Texas Longhorn II | San Antonio Speed Shop
An avid collector of all the fun four-wheeled racing stuff Vintage Air owner Jack Chisenhall of San Antonio, Texas, hauled Dan Rightsell and Gordon Leland’s Texas Longhorn II Top Fuel dragster to show in GNRS’s 2020 Drag Racing Then and Now exhibit. Way back in the 1960s Jack hung out at the San Antonio Speed Shop and helped wrench on the Longhorn II. During seasons of dragster engineering evolution Longhorn II saw increases in its wheelbase. When Jack had the chance to restore the old Top Fueler, he got in touch with the original chassis builder Woody Gilmore to restore the AA/FD dragster back to its earliest shorter 144-inch wheelbase configuration. In 2014 the bodywork and candy blue Metaflake paint was done by Gary Howard Customs in Weir, Texas next lettering, and cowl art was done by Nat Quick working out of Sonoma County Street Rodz in Petaluma, California.
TV Tommy Ivo | 1958 First Dragster
It’s not a problem now, but back in the day hot rodders had almost as bad a reputation with the general public (squares) as guys that rode chopped Harley-Davidsons.
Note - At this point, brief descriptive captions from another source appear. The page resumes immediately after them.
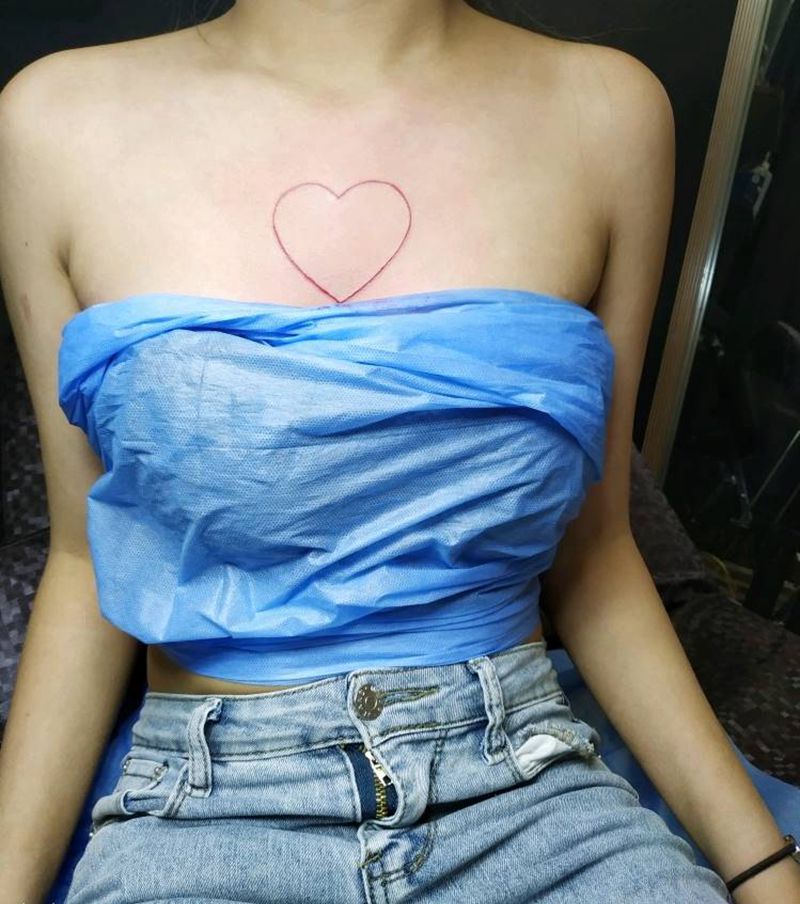 胸口红心纹身图片_胸部纹身图案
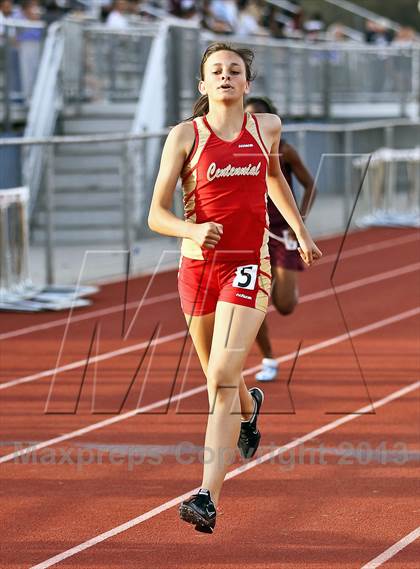 Thumbnail 2 in South West Yosemite League Meet #1 (400m Dash) photogallery.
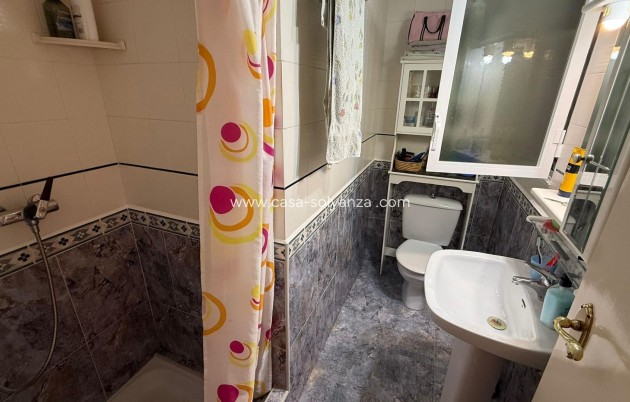 Herverkoop - Appartement / flat - Torrevieja - Los Frutales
The Ghost of Dragstrip Hollow was filmed in 1959 and only a few minutes into the movie featured Tommy Ivo along with his first dragster built in 1958 powered by a bored and stroked Buick Nailhead — specifically a 1957 364-inch Nailhead punched out to 425-inches. In the movie Tommy’s on-screen buddy mentions the car had garnered over 300 wins and then Tommy goes on to the describe the mechanicals of the car. Owned and restored by Don Prieto aka “The Wavemaker” signage at GNRS indicated the Fuller chassis equipped dragster was a Drag News Standard 1320 B/Gas Dragster Record Holder with a 9.16 E.T. at 154.37 mph.
Powered Buick Showboat | TV Tommy Ivo
The original Showboat a 1966 Buick Riviera powered by four Hilborn injected Buick Nailhead engines was turned into the Wagon Master and no longer exists. In 1997 Tommy Ivo set about to reproduce the Showboat and then abandoned it to sit outside the shop and rust. In 2007 a private museum requested a recreation of the Showboat and Ivo commissioned Bruce Dyda at Dyda Race Engineering to build it. Tommy Ivo has been quoted as saying “he has never seen one person with such an abundance of automotive talent, Bruce Dyda is skilled at everything there is to be done on a race car.” The Dyda created Showboat changed hands to another private museum owner that allowed the car to be on display at the NHRA Museum at the Pomona, Fairplex for one year before taking possession.